BEGIN Given information

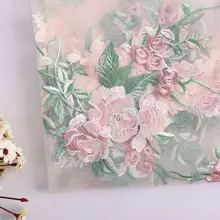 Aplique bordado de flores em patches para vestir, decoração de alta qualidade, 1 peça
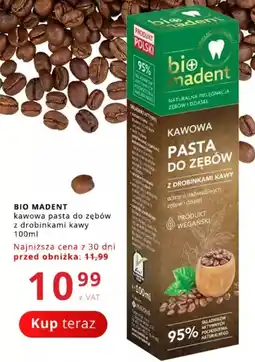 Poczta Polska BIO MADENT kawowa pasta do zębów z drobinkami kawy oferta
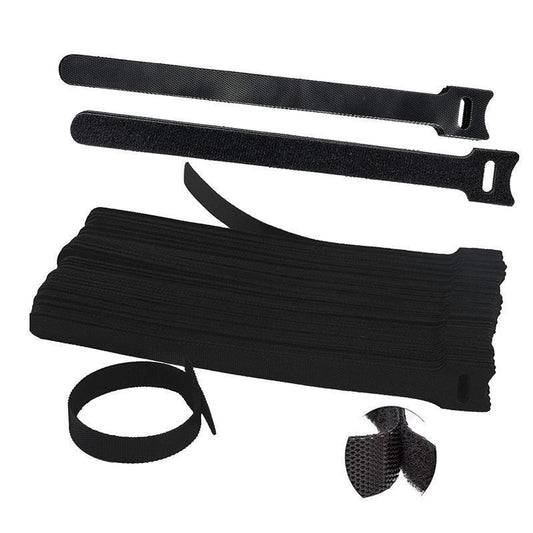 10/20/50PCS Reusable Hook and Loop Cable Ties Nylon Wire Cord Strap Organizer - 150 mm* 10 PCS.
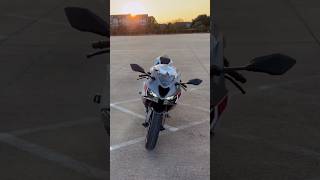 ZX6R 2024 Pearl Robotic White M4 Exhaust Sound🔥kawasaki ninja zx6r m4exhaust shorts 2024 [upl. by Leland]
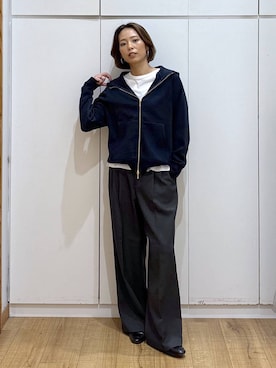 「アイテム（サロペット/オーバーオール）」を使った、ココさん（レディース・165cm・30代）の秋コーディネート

END Given information
BEGIN Given information

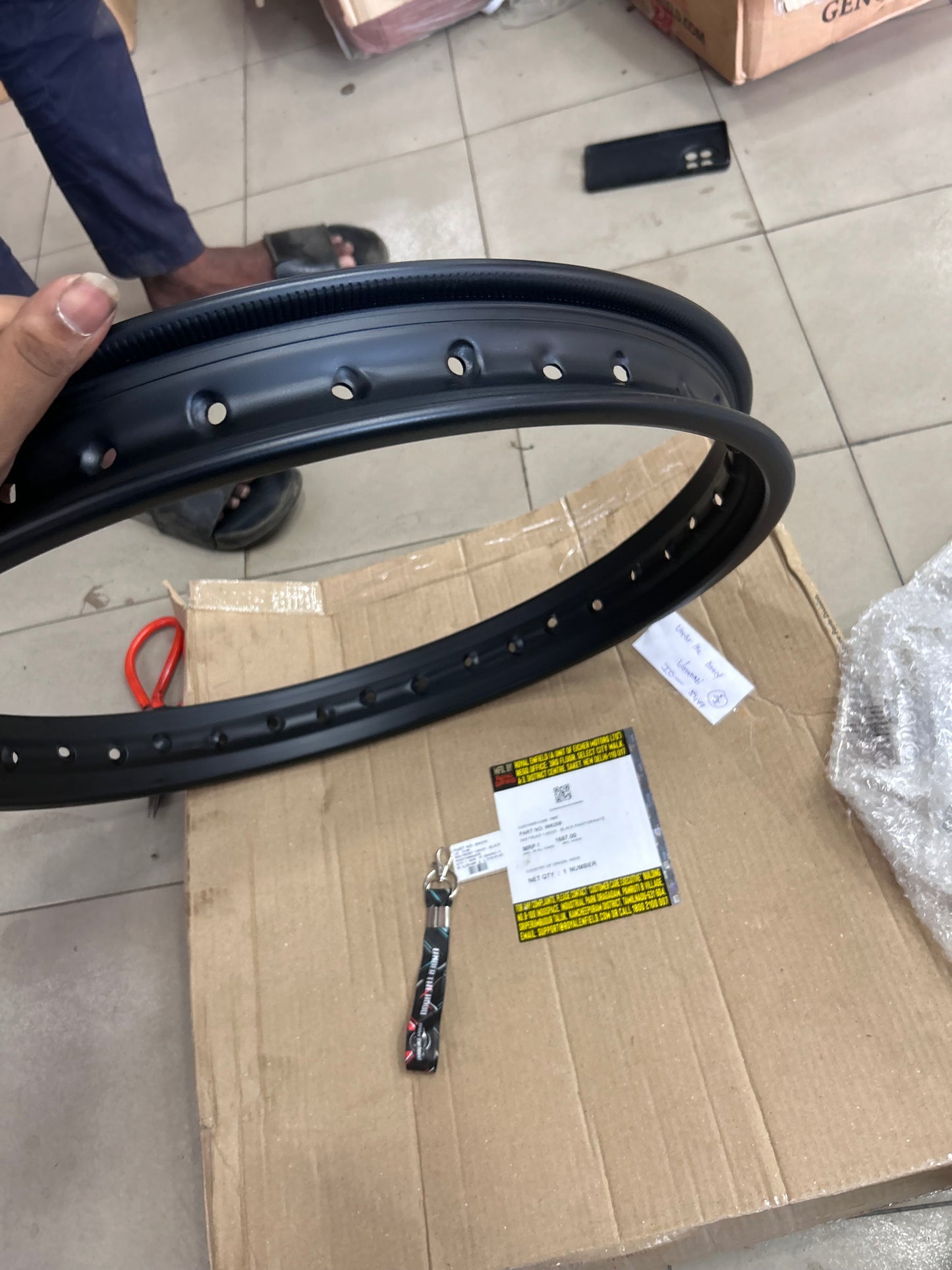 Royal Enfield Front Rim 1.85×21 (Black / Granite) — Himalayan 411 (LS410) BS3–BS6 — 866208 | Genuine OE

END Given information
BEGIN Given information

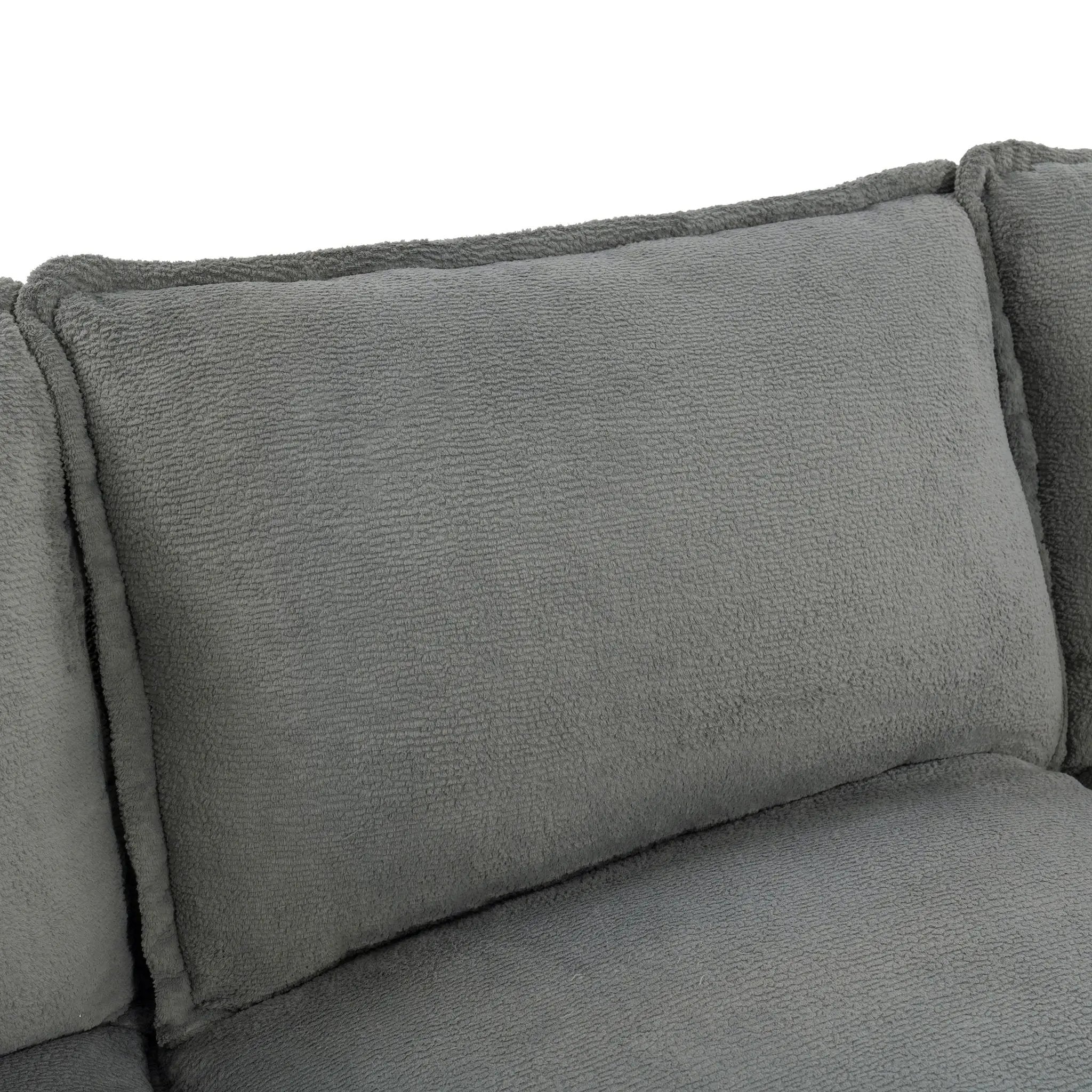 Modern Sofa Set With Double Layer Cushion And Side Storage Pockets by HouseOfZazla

END Given information

▸ **Work instructions**:
Copy exactly the lines of the listing above between the one holding "Aplique bordado de" and the one holding "10/20/50PCS Reusable Hook", inclusive; omit all pictures.

▸ **Written response**:
 Aplique bordado de flores em patches para vestir, decoração de alta qualidade, 1 peça
 Poczta Polska BIO MADENT kawowa pasta do zębów z drobinkami kawy oferta
 10/20/50PCS Reusable Hook and Loop Cable Ties Nylon Wire Cord Strap Organizer - 150 mm* 10 PCS.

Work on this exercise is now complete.